The fairness of the proceedings has been a subject of controversy, criticized in the Oppenheimer biography American Prometheus and dramatized in film and television. On December 16, 2022, United States secretary of energy Jennifer Granholm nullified the 1954 decision, saying that it had been the result of a "flawed process" and affirming that Oppenheimer had been loyal.
Background
Before World War II, Robert Oppenheimer had been professor of physics at the University of California, Berkeley. The scion of a wealthy New York family, he was a graduate of Harvard University and had studied in Europe at the University of Cambridge in England, the University of Göttingen in Germany, and the University of Leiden in the Netherlands. As one of the few American physicists with a deep understanding of the new field of quantum mechanics, he was hired by the University of California in 1929.As a theoretical physicist, Oppenheimer had considerable achievements. In a 1930 paper on the Dirac equation, he predicted the existence of the positron. A 1938 paper co-written with Robert Serber explored the properties of white dwarf stars. This was followed by one co-written with one of his students, George Volkoff, in which they demonstrated that there was a limit, the so-called Tolman–Oppenheimer–Volkoff limit, to the mass of stars beyond which they would not remain stable as neutron stars and would undergo gravitational collapse. In 1939, with another of his students, Hartland Snyder, he went further and predicted the existence of what are today known as black holes. It was decades before the significance of this was appreciated.

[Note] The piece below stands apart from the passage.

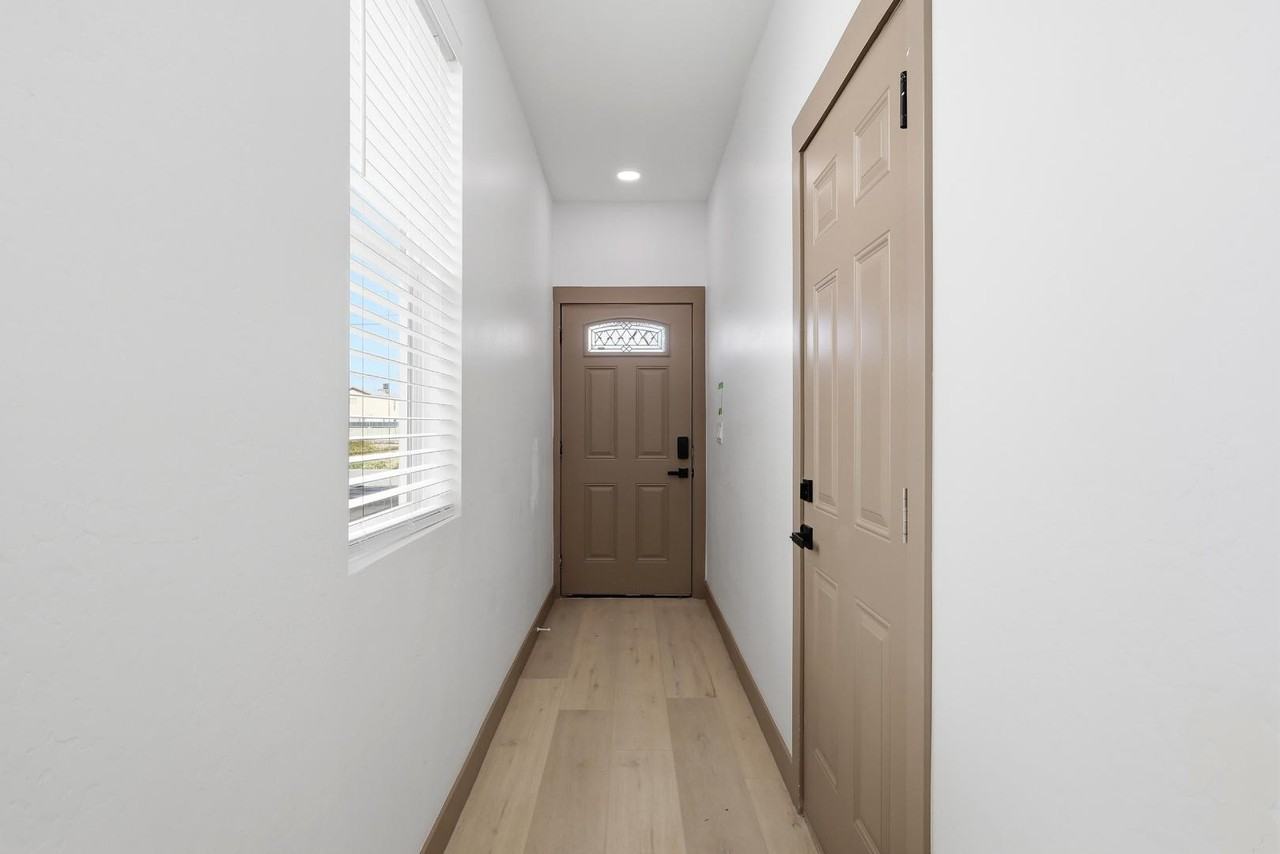 2805 E Trumbull - Photo 7 of 10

Still, Oppenheimer was not well known before World War II, and certainly not as renowned as his friend and colleague Ernest O. Lawrence, who was awarded the Nobel Prize in Physics in 1939 for his invention of the cyclotron. As an experimental physicist, Lawrence had come to rely on Oppenheimer, and it was Lawrence who brought Oppenheimer into the effort to develop an atomic bomb, which became known as the Manhattan Project. Brigadier General Leslie R. Groves, Jr., who became director of the Manhattan Project on September 8, 1942, met Oppenheimer at Berkeley, where Oppenheimer briefed Groves on the work done so far on the "Super" bomb. Oppenheimer told Groves on October 8 that the Manhattan Project needed a dedicated weapons development laboratory. Groves agreed, and after a second meeting with Oppenheimer on a train on October 15, decided that Oppenheimer was the man he needed to head what became the Los Alamos Laboratory, despite Oppenheimer's lack of a Nobel Prize or administrative experience.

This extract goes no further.